- [Exercise details] Return the following from the records below: each line, word for word, starting with the line that contains "Chocolate Dubai Premium" and going on through the line that contains "devkund waterfall trek", with nothing outside that range.

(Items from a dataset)
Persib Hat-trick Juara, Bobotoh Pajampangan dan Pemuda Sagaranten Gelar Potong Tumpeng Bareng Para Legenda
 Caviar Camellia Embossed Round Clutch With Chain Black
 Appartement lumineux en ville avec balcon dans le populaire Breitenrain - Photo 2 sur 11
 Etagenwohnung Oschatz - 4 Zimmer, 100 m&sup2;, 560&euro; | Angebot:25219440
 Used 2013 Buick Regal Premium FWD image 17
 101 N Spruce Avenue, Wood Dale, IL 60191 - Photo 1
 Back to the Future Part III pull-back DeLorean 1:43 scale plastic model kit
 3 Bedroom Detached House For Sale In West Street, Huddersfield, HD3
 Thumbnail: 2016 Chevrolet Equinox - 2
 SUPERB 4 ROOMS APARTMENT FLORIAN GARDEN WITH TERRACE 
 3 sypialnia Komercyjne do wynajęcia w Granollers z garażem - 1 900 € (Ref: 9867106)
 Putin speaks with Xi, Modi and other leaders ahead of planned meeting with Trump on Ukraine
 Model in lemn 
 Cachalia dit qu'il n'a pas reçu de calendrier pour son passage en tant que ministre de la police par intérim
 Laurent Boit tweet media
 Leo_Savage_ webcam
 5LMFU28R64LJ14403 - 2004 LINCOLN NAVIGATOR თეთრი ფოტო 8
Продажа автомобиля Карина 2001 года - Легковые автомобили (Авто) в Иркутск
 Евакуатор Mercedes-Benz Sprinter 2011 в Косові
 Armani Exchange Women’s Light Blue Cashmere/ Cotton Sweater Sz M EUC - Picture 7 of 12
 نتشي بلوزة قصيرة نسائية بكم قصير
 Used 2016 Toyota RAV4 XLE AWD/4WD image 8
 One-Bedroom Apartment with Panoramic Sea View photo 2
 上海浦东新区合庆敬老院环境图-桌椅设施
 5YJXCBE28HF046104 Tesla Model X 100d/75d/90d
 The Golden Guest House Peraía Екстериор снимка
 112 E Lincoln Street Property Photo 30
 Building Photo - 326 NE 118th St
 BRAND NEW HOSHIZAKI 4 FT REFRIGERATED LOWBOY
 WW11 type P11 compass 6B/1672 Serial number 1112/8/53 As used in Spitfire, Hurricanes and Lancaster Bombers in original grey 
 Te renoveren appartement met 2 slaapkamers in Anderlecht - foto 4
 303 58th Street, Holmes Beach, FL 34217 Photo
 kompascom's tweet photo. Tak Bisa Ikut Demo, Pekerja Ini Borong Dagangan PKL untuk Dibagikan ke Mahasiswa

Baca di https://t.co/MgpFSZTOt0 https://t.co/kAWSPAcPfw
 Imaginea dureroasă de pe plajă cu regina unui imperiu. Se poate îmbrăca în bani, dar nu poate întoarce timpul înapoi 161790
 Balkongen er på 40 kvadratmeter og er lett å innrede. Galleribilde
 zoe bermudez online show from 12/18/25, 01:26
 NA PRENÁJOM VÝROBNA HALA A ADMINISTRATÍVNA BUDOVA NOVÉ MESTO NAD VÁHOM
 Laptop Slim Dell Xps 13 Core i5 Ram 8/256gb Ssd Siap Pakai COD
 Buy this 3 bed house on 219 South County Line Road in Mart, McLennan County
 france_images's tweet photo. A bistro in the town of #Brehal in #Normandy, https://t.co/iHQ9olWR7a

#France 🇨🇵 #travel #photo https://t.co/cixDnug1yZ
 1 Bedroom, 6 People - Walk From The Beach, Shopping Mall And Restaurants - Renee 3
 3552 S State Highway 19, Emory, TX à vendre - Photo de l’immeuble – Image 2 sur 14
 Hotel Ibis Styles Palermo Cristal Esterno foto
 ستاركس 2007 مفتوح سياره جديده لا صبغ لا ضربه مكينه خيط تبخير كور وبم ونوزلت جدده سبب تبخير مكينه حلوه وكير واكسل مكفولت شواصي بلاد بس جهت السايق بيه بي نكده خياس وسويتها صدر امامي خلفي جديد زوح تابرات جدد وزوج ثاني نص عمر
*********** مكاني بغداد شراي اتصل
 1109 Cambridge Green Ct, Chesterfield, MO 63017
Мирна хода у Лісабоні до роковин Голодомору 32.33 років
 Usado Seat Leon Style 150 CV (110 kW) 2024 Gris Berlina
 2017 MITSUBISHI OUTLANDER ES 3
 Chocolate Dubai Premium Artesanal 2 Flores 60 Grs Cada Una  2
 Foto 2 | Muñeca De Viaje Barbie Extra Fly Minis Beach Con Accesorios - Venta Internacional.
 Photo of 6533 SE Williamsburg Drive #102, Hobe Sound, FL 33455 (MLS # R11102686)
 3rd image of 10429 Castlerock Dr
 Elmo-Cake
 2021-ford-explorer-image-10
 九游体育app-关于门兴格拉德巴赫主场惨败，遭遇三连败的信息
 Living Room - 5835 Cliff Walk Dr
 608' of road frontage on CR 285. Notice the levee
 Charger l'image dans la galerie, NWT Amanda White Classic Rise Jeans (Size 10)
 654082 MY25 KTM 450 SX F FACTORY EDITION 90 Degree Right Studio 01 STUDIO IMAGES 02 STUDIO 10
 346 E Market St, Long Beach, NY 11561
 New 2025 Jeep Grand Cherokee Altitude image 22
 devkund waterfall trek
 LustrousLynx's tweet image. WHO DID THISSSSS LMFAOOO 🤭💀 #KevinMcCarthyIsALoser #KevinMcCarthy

- [Exercise result]
 Chocolate Dubai Premium Artesanal 2 Flores 60 Grs Cada Una  2
 Foto 2 | Muñeca De Viaje Barbie Extra Fly Minis Beach Con Accesorios - Venta Internacional.
 Photo of 6533 SE Williamsburg Drive #102, Hobe Sound, FL 33455 (MLS # R11102686)
 3rd image of 10429 Castlerock Dr
 Elmo-Cake
 2021-ford-explorer-image-10
 九游体育app-关于门兴格拉德巴赫主场惨败，遭遇三连败的信息
 Living Room - 5835 Cliff Walk Dr
 608' of road frontage on CR 285. Notice the levee
 Charger l'image dans la galerie, NWT Amanda White Classic Rise Jeans (Size 10)
 654082 MY25 KTM 450 SX F FACTORY EDITION 90 Degree Right Studio 01 STUDIO IMAGES 02 STUDIO 10
 346 E Market St, Long Beach, NY 11561
 New 2025 Jeep Grand Cherokee Altitude image 22
 devkund waterfall trek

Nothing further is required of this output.